S. Hindistan’daki dijital haber yayıncıları Avustralya modelini benimsedi ve Hindistan’da da benimsenmesini istiyor. Hindistan hükümetine ne yapmasını tavsiye edersiniz?
A. Açık ve dikkatli olmak istiyorum. Hindistan hükümetine ne yapacağını söylemek için burada değilim. Hindistan hükümetinin düşünüp karar vermesi gereken mesele budur. Avustralya’daki deneyimlerimizden bahsetmek için buradayım. Hindistan ve Avustralya arasında büyük farklar var. Biz 25 milyon insanız ve Hindistan 1.4 milyar.

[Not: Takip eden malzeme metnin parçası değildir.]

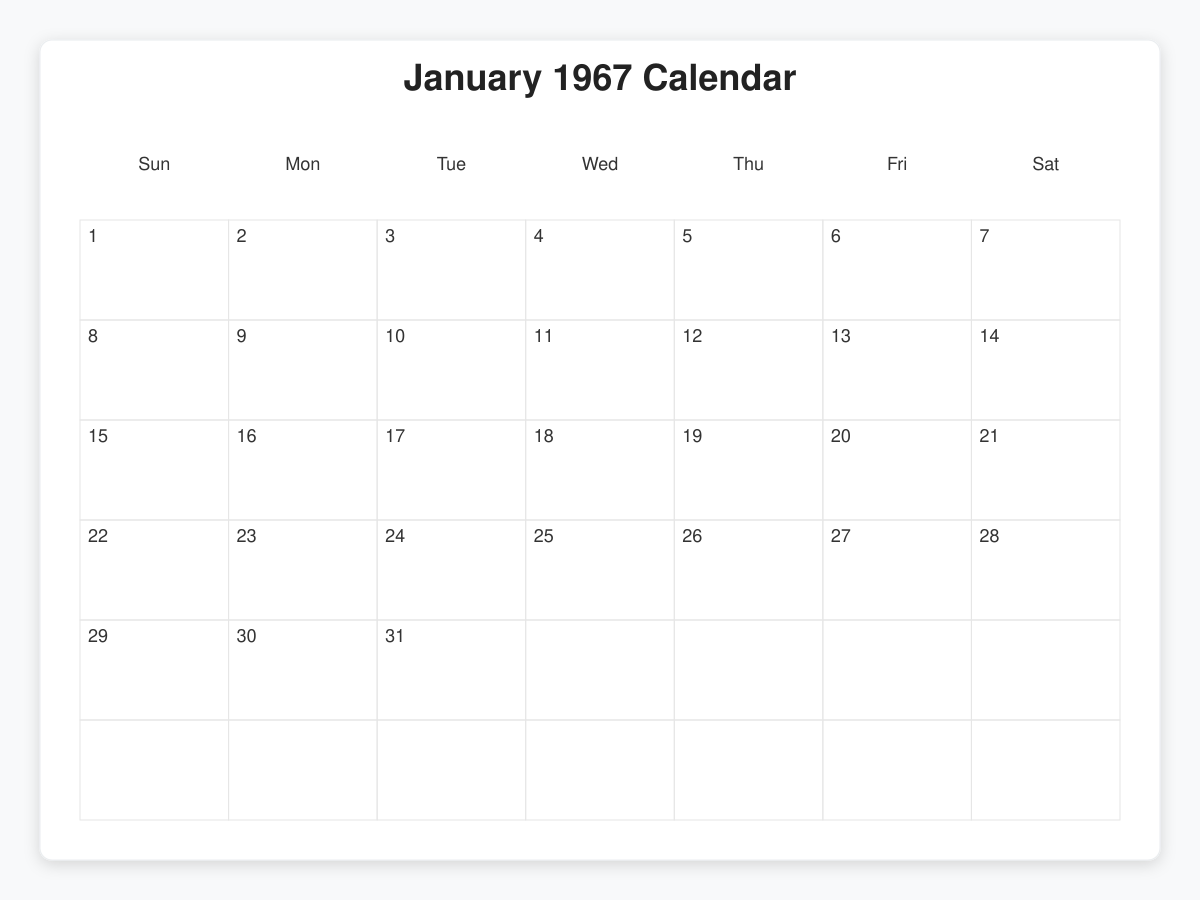 Printable January 1967 Calendars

Çok etnikli yayınlarımız olmasına rağmen, sayılarımız Hindistan’dakinden daha az. Ekonomi de farklı. Avustralya’da bir hükümet olarak, haber medyası işletmelerimiz üzerindeki etki ve gazeteciliğin aşınması konusunda endişeliydik. Bunu öncelikle bir rekabet politikası sorunu olarak gördük. Sonra bunu bir medya politikası sorunu olarak gördük. Medya çeşitliliği azalıyorsa, bu kötü bir şeydir. Medyanın hükümetleri sorumlu tutmada oynadığı rol nedeniyle bunu herhangi bir liberal demokrasi için bir politika konusu olarak da gördük. Dolayısıyla, biz bunu özünde bir rekabet konusu olarak ele alırken, başka açılardan da bir politika konusuydu.
S. Avustralya yasalarının haber medyası yayıncılığı ve Big Tech üzerindeki etkisi ne oldu?

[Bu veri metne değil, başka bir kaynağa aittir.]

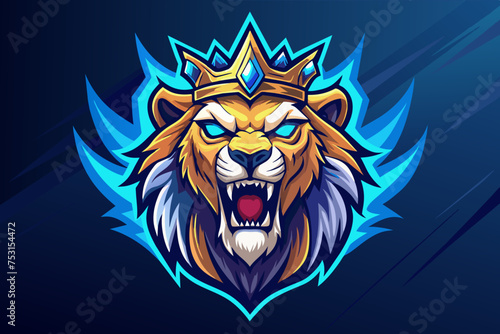 angry lion with blue shine eye and king crown on head   for esport gaming logo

C. Büyük Teknoloji şirketleri, çalışmalarını olumsuz etkilediklerini hükümete ikna edici bir şekilde gösteremediler.
Mevzuatın söylediği şeylerden biri, 12 ay sonra hazine inceleme yapacaktır. Bu inceleme geçen yıl Ekim ayında yayınlandı ve kodun başarılı olduğunu gördü. Eski ACCC başkanı tarafından hazırlanan bir rapora atıfta bulundu. Çubuk Sim’lerBu mevzuatın bir sonucu olarak ticari anlaşmalarda (Google, Facebook ve haber medyası yayınları arasında) 200 milyon ABD Doları tutarında olduğu tahmin edilmektedir. Bu açıkça Google ve FB’den yayıncılara aktarılan değerdi.

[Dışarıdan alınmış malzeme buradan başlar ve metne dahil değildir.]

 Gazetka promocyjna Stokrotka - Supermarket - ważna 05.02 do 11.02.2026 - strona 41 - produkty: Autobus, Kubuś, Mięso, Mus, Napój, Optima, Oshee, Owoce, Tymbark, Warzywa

Bir dizi haber medyası şirketi, işe alabildikleri ek gazetecilerin sayısı hakkında kamuoyuna konuştu. Devlete ait yayıncımız olan Australian Broadcasting Corporation, Google ve FB ile ayrı anlaşmalar yapmıştır. Bu, aldığı devlet finansmanına ek olarak ona ek gelir sağladı ve tüm bunları başkentlerimizin dışında, bölgesel ve uzak bölgelerde 50 gazeteciyi istihdam etmek için kullanma sözü verdi. News Corporation, gazetecilerin dijital dünyada nasıl çalışacakları konusunda daha fazla eğitim almaları için bir tesis kurmak üzere Google ile ortaklık kurduğunu söyledi. Faaliyetlerini genişleten veya daha fazla gazeteciyi işe alan haber medyası şirketlerinin bir dizi özel örneği vardır. Bu, birkaç yıl boyunca tüm dünyada gazetecilerin kovulması, daha az faaliyet ve baskıların geri çekilmesiyle ilgili hikayenin anlatıldığı Avustralya deneyimidir. Böyle bir senaryoda, daha fazla gazetecinin istihdam edildiğini duymak çok ferahlatıcı bir değişiklik.